Vivimos en un mundo irreal y lleno de falsedad que en todo momentos nos predispone a dar respuestas ambiguas, mentiras y decir cosas totalmente opuestas a lo que queremos decir y a lo que realmente nos pasa por nuestras cabezas. Todo esto sucede porque tenemos miedo a no ser aceptados por los demás y a no formar parte de sus grupos. Es más importante lo que piense una persona de mi que lo que realmente quiero decir porque va a dejar al desnudo lo que yo siento y lo que yo soy.
Entonces nos preocupa demasiado lo que van a pensar de mi, si conocen mi verdadero yo, mi forma tan diferente de pensar, por lo tanto esto conlleva a expresiones de rechazo porque mi forma de ser no es de acuerdo a sus lineamientos de vida y hasta pueden pensar que no estoy bien de la cabeza o que he perdido unos tornillos, solo por el simple hecho de decir quién soy.
Nada como ser una persona auténtica y original, alguien que se muestra tal como es, porque esto denota seguridad, confianza y demuestra la calidad de persona que eres. Todo el mundo confía en quienes ostentan una bandera de honestidad y sinceridad especialmente cuando se acompaña de empatía porque no siempre los demás comprenden nuestro actuar y se ponen en nuestros zapatos.
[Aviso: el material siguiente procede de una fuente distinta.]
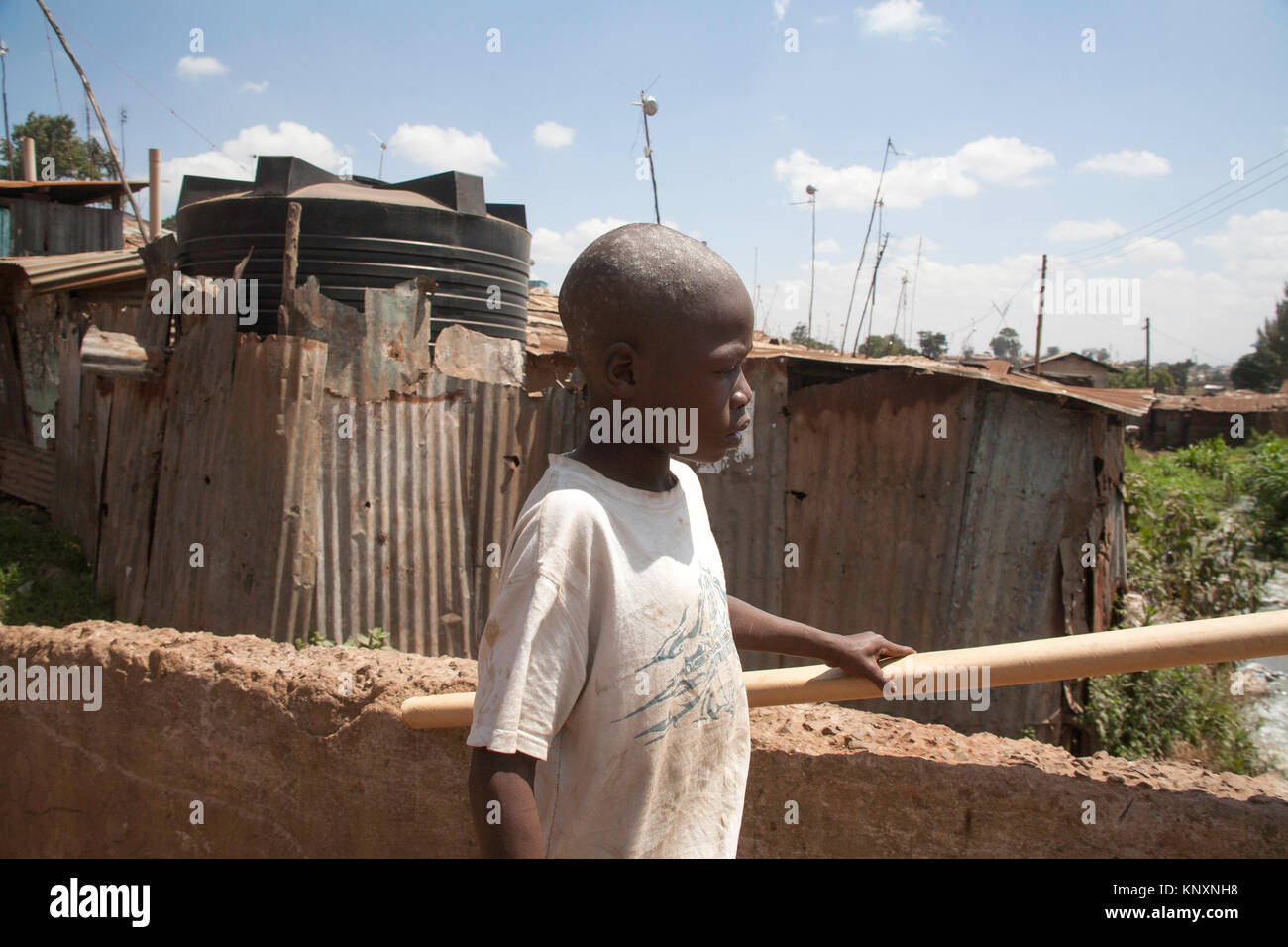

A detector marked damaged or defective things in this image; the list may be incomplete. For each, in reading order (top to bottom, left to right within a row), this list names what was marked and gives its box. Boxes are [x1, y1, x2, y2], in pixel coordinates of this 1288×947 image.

rusted iron sheet [0, 438, 54, 511]
rusted iron sheet [94, 374, 169, 626]
rusted iron sheet [311, 384, 472, 658]
rusted iron sheet [694, 355, 793, 674]
rusted iron sheet [777, 370, 1102, 741]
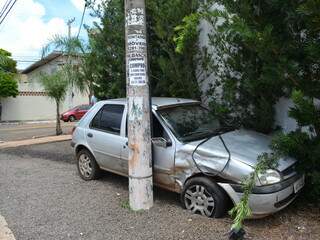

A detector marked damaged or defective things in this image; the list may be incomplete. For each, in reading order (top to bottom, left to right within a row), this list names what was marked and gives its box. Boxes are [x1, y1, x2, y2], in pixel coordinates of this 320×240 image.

damaged silver car [71, 97, 304, 218]
crumpled car hood [188, 129, 296, 172]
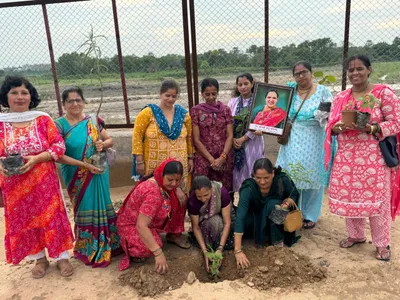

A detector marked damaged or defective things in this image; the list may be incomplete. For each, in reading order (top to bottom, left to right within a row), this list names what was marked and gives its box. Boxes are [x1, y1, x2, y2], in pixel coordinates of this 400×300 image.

rusty metal pole [41, 3, 62, 116]
rusty metal pole [111, 0, 130, 124]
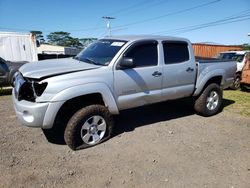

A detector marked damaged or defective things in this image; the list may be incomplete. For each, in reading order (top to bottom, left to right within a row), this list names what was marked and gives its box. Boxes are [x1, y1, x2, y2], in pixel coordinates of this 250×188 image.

damaged front end [12, 71, 47, 102]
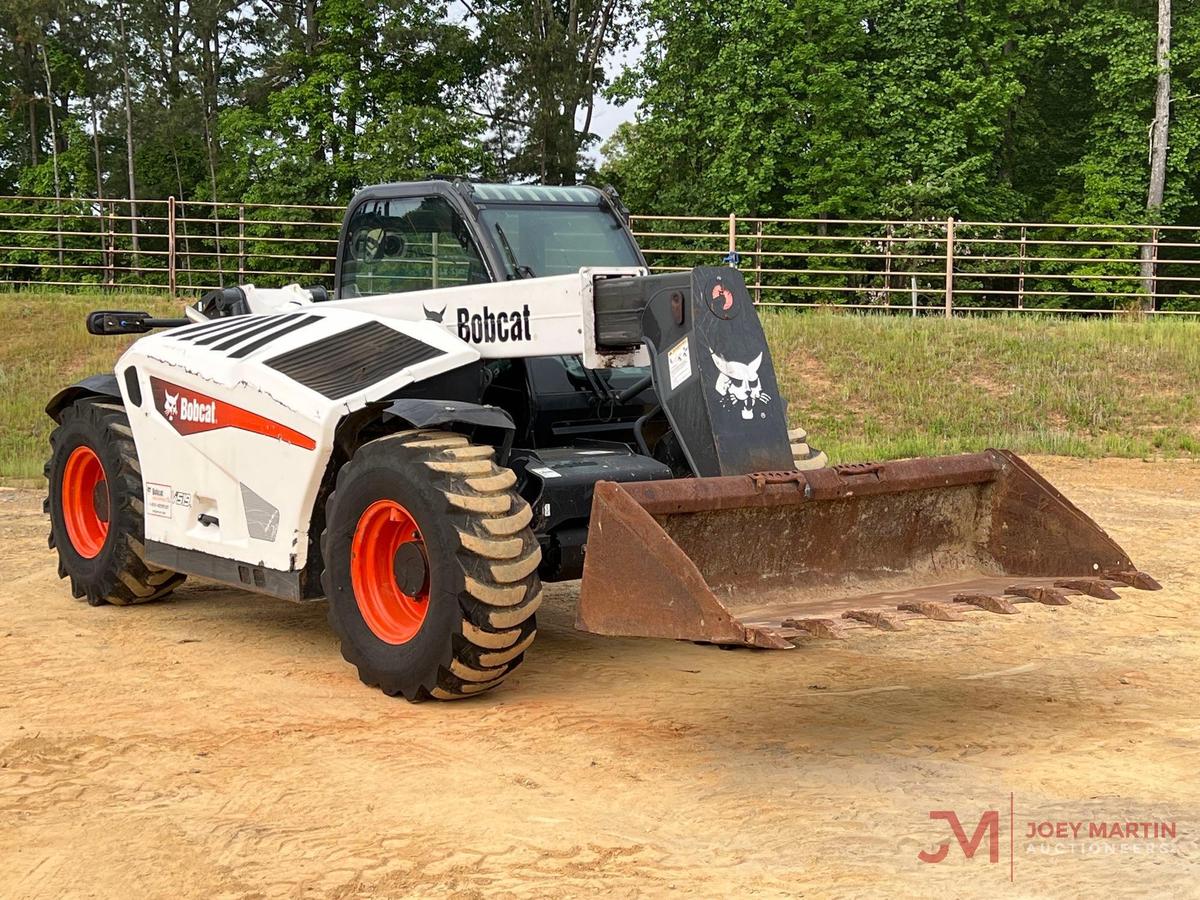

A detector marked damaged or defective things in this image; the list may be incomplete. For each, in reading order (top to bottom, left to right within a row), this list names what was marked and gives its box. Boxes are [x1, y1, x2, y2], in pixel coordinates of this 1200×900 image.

rusty bucket attachment [576, 450, 1160, 648]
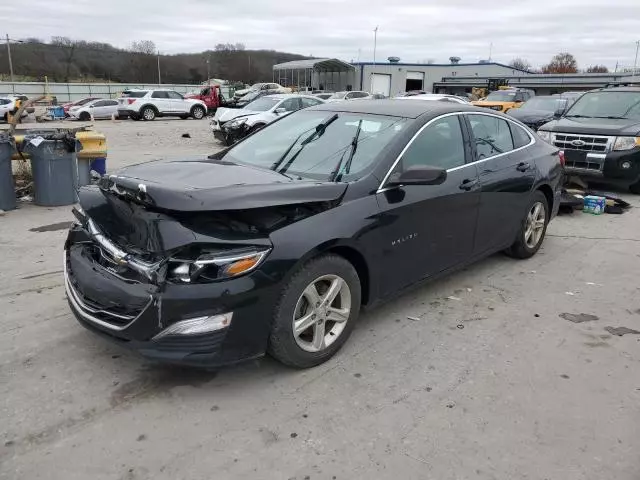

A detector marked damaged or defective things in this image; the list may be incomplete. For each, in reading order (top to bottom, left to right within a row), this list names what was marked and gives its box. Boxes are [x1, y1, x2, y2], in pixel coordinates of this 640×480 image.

damaged white suv [119, 89, 209, 121]
crumpled hood [212, 107, 258, 123]
crumpled hood [540, 117, 640, 136]
crumpled hood [98, 158, 348, 211]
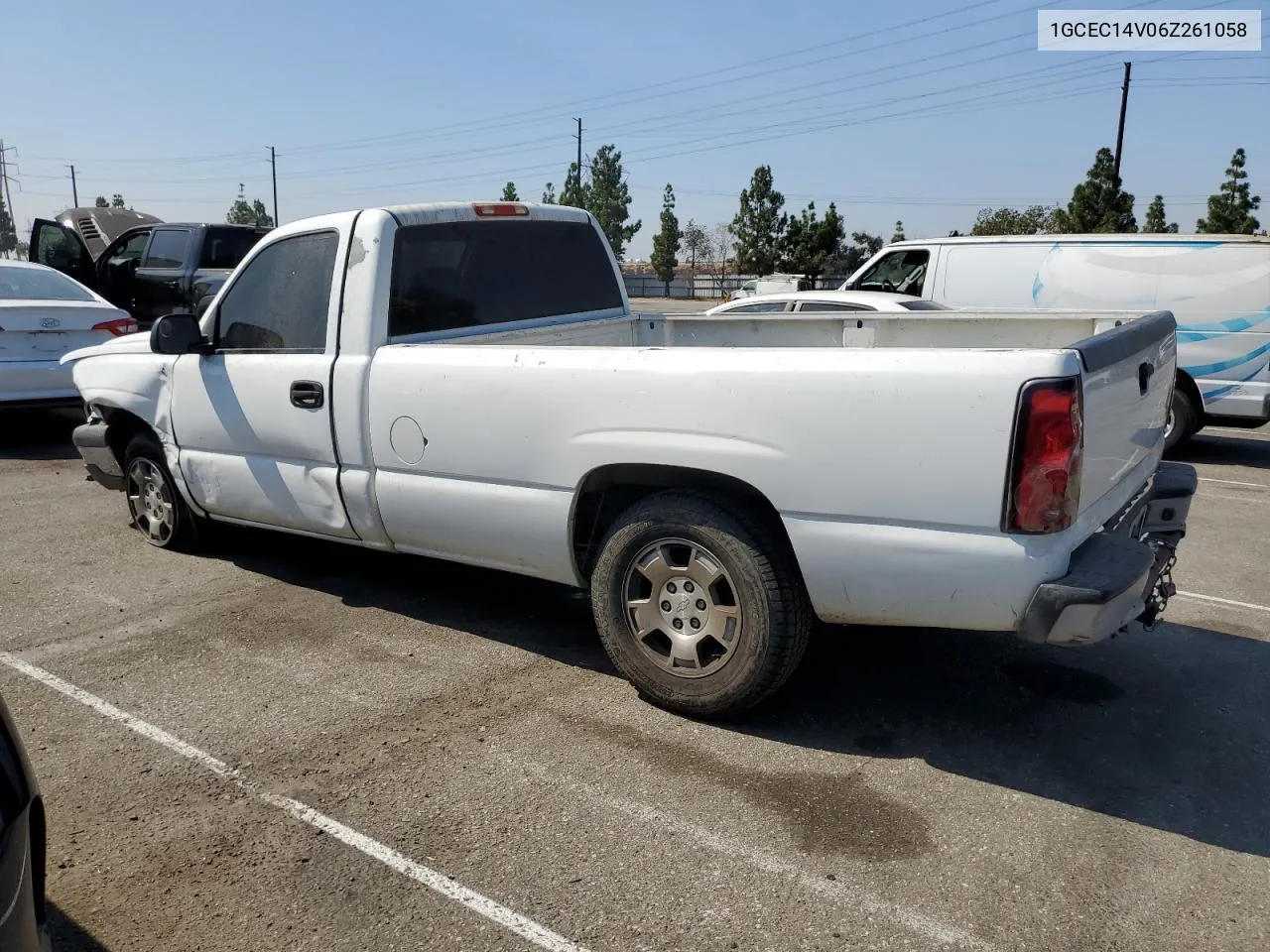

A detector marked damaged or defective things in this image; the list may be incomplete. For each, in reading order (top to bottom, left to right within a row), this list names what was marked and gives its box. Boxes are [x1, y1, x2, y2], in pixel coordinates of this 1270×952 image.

Todo es cuestión de tu perspectiva real, de cómo eres tú y cómo consideras que puedes expresar tus opiniones deste un punto de vista sin falsedades, sin herir susceptibilidades, sin moldear lo que es la verdad. Me parece que muchas veces sentimos temor a no caer bien si nos mostramos tal y cual somos, eso es correcto y no debe tomarse como un punto de referencia, porque no todo el tiempo somos “moneditas de oro” para caerle bien a los demás, a la larga quienes son de verdad van a darse cuenta de nuestra autenticidad y serán parte de nuestro círculo de confianza.
La sociedad nos ha establecido límites y condicionamientos que no siempre son correctos y opuestos a ser auténticos, muchas veces van amarrados a estructuras de clases económicas determinando nuestras oportunidades, estilos de vida, valores e incluso comportamientos, por lo tanto nos corresponde romper estos esquemas previamente establecidos, mostrando a los demás quienes somos de verdad desde nuestra alma y corazón y no dejando que influyan en la propia percepción de uno mismo y nuestro lugar en el mundo.